An hour or so after turning back, we started passing the (literally) hundreds of others making a stab at the summit that day. Some had only just arrived at the glacier when we reached the morraines and if they ever made the summit it certainly wouldn't have been before midday.

We spent the afternoon relaxing at the hut, before walking down to Valsavaranche for further relaxing - including another visit to the cafe - before the Trek Bus picked us up at 7pm.
 

Route options on Gran Paradiso

I thought it was worth including a bit of further information about the early stages of route we chose up and down the mountain, which prove the most problematic navigation-wise. An easy-to-follow path leaves the refuge by a large sign saying "Gran Paradiso", immediately crossing a large boulder field, before gaining a steep morraine slope which a number of paths zig-zag their way up. It's worth checking this section out the evening before, though there is little scope for going wrong as the paths are all good and well-cairned, all converging in the same place at the top of this steep section of morraines.

The route flattens out and you enter a rocky bowl with a large stream on your left (north) and an obvious ridge-line behind that.
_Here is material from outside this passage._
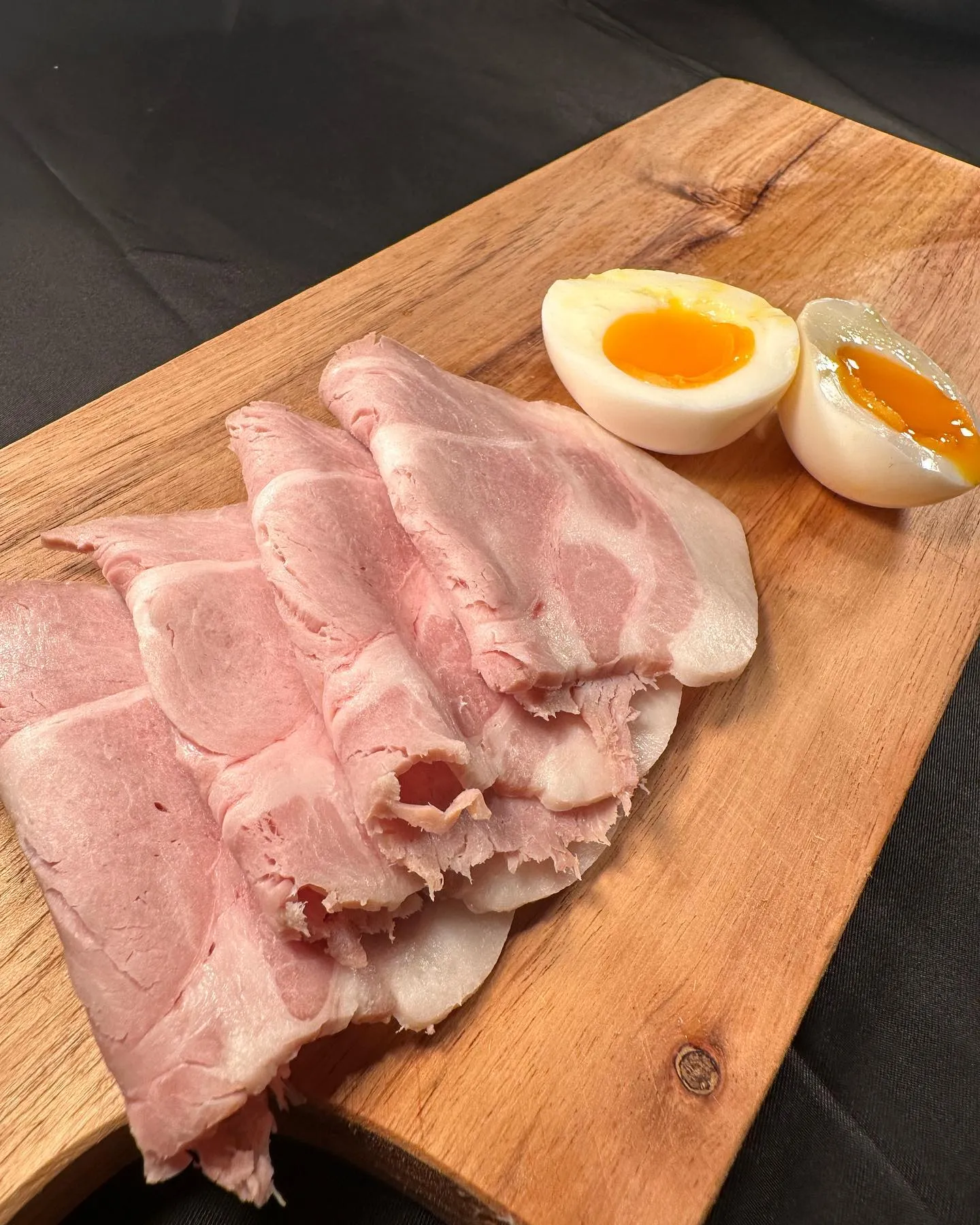 西中島南方エリアの名店、『らーめん ぴ！』が贈る新たなる魅力...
One set of cairns takes you straight across the stream and up onto the ridge (red routes on the photograph), following the ridge up to the Glacier du Gran Paradis via a section of Via Ferrata. It would also be possible to cross the ridge to the Glacier de Laveciau, or descend back to the Glacier du Gran Paradis before the Via Ferrata section. More details on these routes available on Camp to Camp (albeit in French).

The other cairns lead across the rocky bowl (yellow routes on the photograph): In 2014, the stream could be crossed at the east-most point of the rocky bowl, before the snows of the glacier begin, leading onto a series of rocky shelves through which hundreds of cairns lead you in all sorts of directions; try to pick the best of these and you'll somehow end up at the glacier, having missed out its lower reaches which can be difficult in marginal snow cover. This seemed to be the way most guided groups were ascending, and is the way we descended.

The final option is to carry on straight to the back of the rocky bowl and gain the snow, though where this is obviously will depend on conditions. There may be a few rocky steps to negotiate as the valley narrows before it broadens out to where the aforementioned routes reach the glacier. We ascended this route and were presented with a tricky step involving a bit of icy waterfall scrambling; not too pleasant first thing in the morning! This route does have the advantage of being the most direct and we felt that it was quicker than any other options. Whether or not it's "in condition" is something you'll have to gauge for yourself.

From here on up, it is a simple (but long and tiring) glacier plod following a large trench for the most part, until you reach the exposed summit rocks with a few steps of UIAA II (bolted) to reach the summit itself.